Wien – Der Abgang war typisch: Grummelnd, schweigend, machtbewusst. "Ich wüsste nicht, wer mir internen Druck geben soll", grantelte Rudolf Nürnberger Journalisten an, die Hintergründe seines überraschenden Abgangs erfahren wollten. Die Botschaft war klar: Niemand in der Gewerkschaft hat einem Nürnberger etwas anzuschaffen – dort hat er das Sagen.
In der Tat war es nicht jemand, sondern etwas, das den Tarockpartner Alfred Gusenbauers nach rund 18 Jahren an der Spitze der Metaller-Gewerkschaft den Abschied nehmen ließ: Die Bawag-Affäre. Nürnberger braucht in seiner wortkargen Art für die Beschreibung der Folgen der Bawag-Krise einen Satz: "Der ÖGB ist in seiner schwierigsten Situation seit Bestehen."
Führungstrio und Dreierfeindschaft
Denn Heuschreckenkapitalismus ist dem in der Wolle gefärbten Arbeitergewerkschafter Nürnberger so zuwider wie Maßanzüge. 34 Jahre war Nürnberger in der Gewerkschaft – zu lange, um die notwendige Reform umsetzen zu können: Dafür brauche es, meint Nürnberger, "jüngere Personen". Also geht der 60-Jährige. Im Parlament sind die Nürnberger-Reden im breiten Wienerisch seit 2004 nicht mehr zu hören, im ÖGB wollte er aber noch bis 2007 bleiben.

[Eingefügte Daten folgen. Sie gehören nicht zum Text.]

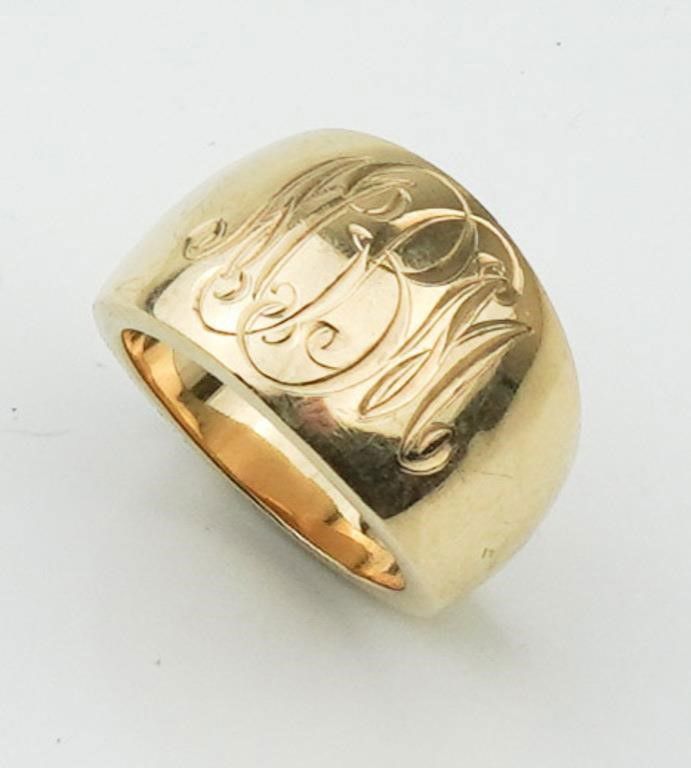 14k yellow gold ring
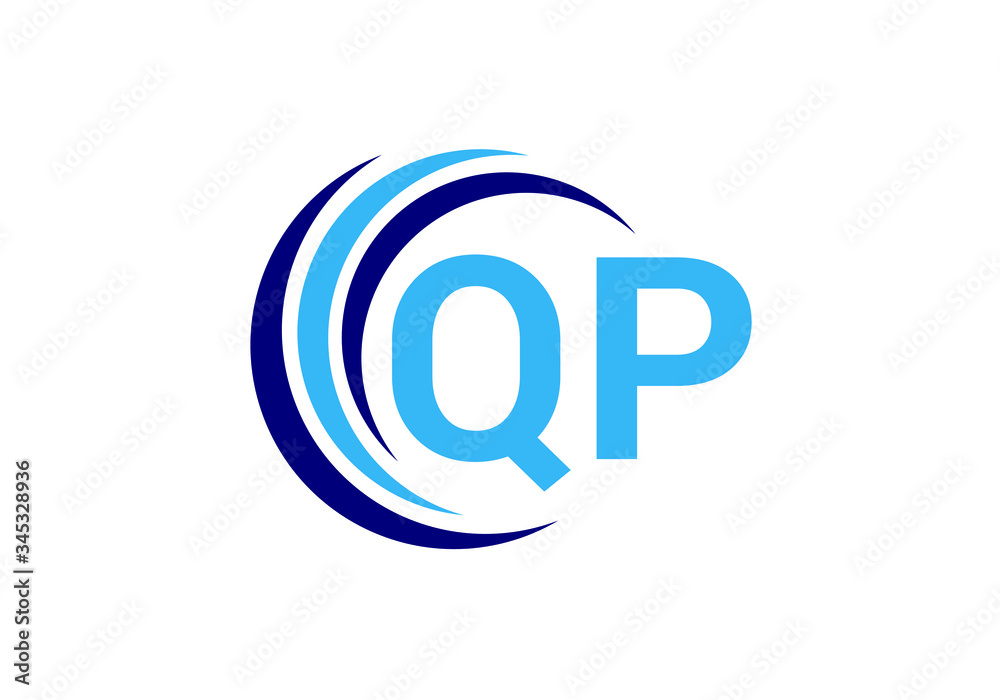 Initial Monogram Letter Q P Logo Design Vector Template. QP Letter Logo Design Initial Monogram Letter Q P Logo Design Vector Template. QP Letter Logo Design
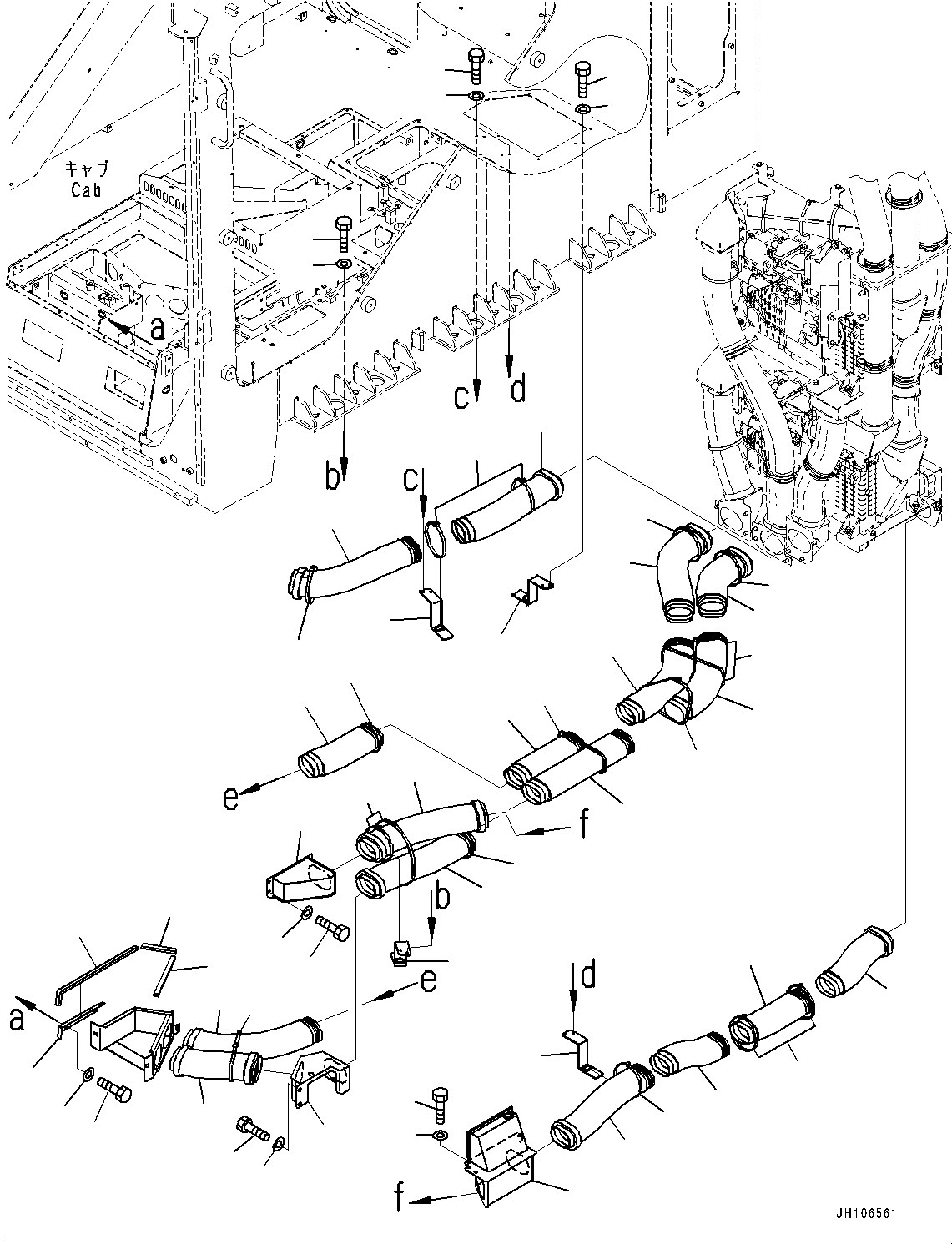 Воздуховод 2A2-810-2221 KOMATSU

Nürnbergers Abschied macht das Ende der drei großen alten Männer im ÖGB komplett: Hans Sallmutter, Chef der Gewerkschaft der Privatangestellten, hat sich im Vorjahr in die Pension verabschiedet, ÖGB-Chef Fritz Verzetnitsch stolperte über die Bawag. Das Führungstrio verband nicht nur das gemeinsame Alter, sondern auch gepflegte Dreierfeindschaft: Nürnberger fand Verzetnitsch zu zögerlich. Seine Aversion gegen den ÖGB-Chef ging so weit, dass Nürnberger sich vorübergehend mit Sallmutter auf eine Fusion ihrer Gewerkschaften einigte – nur kurz, dann stritten auch Nürnberger und Sallmutter wieder.
Protest in Gremien
Das lag auch am unterschiedlichen Politikzugang der beiden: Sallmutter war das öffentliche sorgenfaltige Gesicht der Pensions-Proteste des ÖGB – Nürnberger hingegen hat seinen Kontra-Bass gegen Pensionskürzungen in den Gremien hören lassen: Damals, im Jahr 2000, als Rot und Schwarz über eine Pensionsreform verhandelten – und Nürnberger den Koalitionspakt partout nicht unterschreiben konnte und wollte.